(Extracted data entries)
Content starts

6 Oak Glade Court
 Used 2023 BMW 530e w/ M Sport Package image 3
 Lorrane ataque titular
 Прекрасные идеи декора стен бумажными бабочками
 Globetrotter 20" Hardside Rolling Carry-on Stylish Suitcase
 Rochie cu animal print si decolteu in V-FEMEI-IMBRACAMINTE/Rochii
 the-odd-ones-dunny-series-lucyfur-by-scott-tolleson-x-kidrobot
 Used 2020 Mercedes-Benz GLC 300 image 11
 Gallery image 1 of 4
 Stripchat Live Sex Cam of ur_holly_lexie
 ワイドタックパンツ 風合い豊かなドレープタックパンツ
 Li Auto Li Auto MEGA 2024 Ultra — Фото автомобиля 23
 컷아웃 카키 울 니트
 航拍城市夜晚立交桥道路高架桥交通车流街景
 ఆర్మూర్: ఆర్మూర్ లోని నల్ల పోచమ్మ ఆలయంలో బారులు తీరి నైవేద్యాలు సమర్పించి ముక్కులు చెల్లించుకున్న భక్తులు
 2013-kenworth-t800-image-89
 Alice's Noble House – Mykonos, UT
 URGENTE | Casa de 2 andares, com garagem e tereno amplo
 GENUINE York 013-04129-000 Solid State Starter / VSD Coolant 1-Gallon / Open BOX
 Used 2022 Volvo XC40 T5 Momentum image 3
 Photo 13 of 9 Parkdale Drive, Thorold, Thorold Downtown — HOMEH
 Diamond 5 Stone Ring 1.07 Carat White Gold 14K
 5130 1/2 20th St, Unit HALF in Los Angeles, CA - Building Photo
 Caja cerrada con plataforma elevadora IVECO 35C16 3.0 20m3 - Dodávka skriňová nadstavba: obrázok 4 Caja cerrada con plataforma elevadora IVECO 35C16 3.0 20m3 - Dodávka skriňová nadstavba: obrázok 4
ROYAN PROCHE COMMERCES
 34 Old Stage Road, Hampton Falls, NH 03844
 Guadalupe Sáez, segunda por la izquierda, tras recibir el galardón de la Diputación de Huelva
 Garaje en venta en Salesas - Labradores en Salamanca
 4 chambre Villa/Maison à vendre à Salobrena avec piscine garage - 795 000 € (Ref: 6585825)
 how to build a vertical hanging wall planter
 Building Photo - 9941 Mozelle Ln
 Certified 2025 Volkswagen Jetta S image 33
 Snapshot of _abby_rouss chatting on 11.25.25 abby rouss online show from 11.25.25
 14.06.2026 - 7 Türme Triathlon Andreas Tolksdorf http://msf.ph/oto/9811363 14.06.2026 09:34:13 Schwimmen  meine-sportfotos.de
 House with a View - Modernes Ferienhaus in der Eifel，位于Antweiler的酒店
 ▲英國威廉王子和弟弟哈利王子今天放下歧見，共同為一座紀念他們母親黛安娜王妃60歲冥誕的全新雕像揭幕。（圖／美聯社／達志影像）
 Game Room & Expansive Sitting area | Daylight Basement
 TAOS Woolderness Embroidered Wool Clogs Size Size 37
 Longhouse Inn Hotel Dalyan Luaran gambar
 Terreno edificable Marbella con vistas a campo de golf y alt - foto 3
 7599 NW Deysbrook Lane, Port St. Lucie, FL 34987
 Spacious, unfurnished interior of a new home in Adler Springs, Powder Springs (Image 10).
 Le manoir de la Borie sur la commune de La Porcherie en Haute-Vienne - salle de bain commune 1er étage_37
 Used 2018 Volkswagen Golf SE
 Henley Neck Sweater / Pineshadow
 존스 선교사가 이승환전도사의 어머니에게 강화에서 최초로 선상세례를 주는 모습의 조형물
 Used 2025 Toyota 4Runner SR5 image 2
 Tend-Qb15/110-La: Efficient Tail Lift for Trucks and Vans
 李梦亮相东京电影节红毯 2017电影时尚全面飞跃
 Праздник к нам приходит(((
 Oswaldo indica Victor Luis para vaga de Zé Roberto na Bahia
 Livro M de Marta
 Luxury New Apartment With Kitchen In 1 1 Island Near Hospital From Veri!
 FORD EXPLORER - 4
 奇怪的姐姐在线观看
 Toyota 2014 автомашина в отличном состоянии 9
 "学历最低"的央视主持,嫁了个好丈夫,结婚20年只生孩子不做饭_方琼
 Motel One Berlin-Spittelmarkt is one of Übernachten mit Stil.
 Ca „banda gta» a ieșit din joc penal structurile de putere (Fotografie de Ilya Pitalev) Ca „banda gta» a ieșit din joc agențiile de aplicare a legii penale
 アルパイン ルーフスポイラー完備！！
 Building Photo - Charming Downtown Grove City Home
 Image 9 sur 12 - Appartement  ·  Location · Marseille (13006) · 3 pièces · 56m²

Content ends

• **Assignment**:
Please give back only the lines between the first line of the entries and the line with "TAOS Woolderness Embroidered", both ends included, word for word.

• **Answer to the problem**:
6 Oak Glade Court
 Used 2023 BMW 530e w/ M Sport Package image 3
 Lorrane ataque titular
 Прекрасные идеи декора стен бумажными бабочками
 Globetrotter 20" Hardside Rolling Carry-on Stylish Suitcase
 Rochie cu animal print si decolteu in V-FEMEI-IMBRACAMINTE/Rochii
 the-odd-ones-dunny-series-lucyfur-by-scott-tolleson-x-kidrobot
 Used 2020 Mercedes-Benz GLC 300 image 11
 Gallery image 1 of 4
 Stripchat Live Sex Cam of ur_holly_lexie
 ワイドタックパンツ 風合い豊かなドレープタックパンツ
 Li Auto Li Auto MEGA 2024 Ultra — Фото автомобиля 23
 컷아웃 카키 울 니트
 航拍城市夜晚立交桥道路高架桥交通车流街景
 ఆర్మూర్: ఆర్మూర్ లోని నల్ల పోచమ్మ ఆలయంలో బారులు తీరి నైవేద్యాలు సమర్పించి ముక్కులు చెల్లించుకున్న భక్తులు
 2013-kenworth-t800-image-89
 Alice's Noble House – Mykonos, UT
 URGENTE | Casa de 2 andares, com garagem e tereno amplo
 GENUINE York 013-04129-000 Solid State Starter / VSD Coolant 1-Gallon / Open BOX
 Used 2022 Volvo XC40 T5 Momentum image 3
 Photo 13 of 9 Parkdale Drive, Thorold, Thorold Downtown — HOMEH
 Diamond 5 Stone Ring 1.07 Carat White Gold 14K
 5130 1/2 20th St, Unit HALF in Los Angeles, CA - Building Photo
 Caja cerrada con plataforma elevadora IVECO 35C16 3.0 20m3 - Dodávka skriňová nadstavba: obrázok 4 Caja cerrada con plataforma elevadora IVECO 35C16 3.0 20m3 - Dodávka skriňová nadstavba: obrázok 4
ROYAN PROCHE COMMERCES
 34 Old Stage Road, Hampton Falls, NH 03844
 Guadalupe Sáez, segunda por la izquierda, tras recibir el galardón de la Diputación de Huelva
 Garaje en venta en Salesas - Labradores en Salamanca
 4 chambre Villa/Maison à vendre à Salobrena avec piscine garage - 795 000 € (Ref: 6585825)
 how to build a vertical hanging wall planter
 Building Photo - 9941 Mozelle Ln
 Certified 2025 Volkswagen Jetta S image 33
 Snapshot of _abby_rouss chatting on 11.25.25 abby rouss online show from 11.25.25
 14.06.2026 - 7 Türme Triathlon Andreas Tolksdorf http://msf.ph/oto/9811363 14.06.2026 09:34:13 Schwimmen  meine-sportfotos.de
 House with a View - Modernes Ferienhaus in der Eifel，位于Antweiler的酒店
 ▲英國威廉王子和弟弟哈利王子今天放下歧見，共同為一座紀念他們母親黛安娜王妃60歲冥誕的全新雕像揭幕。（圖／美聯社／達志影像）
 Game Room & Expansive Sitting area | Daylight Basement
 TAOS Woolderness Embroidered Wool Clogs Size Size 37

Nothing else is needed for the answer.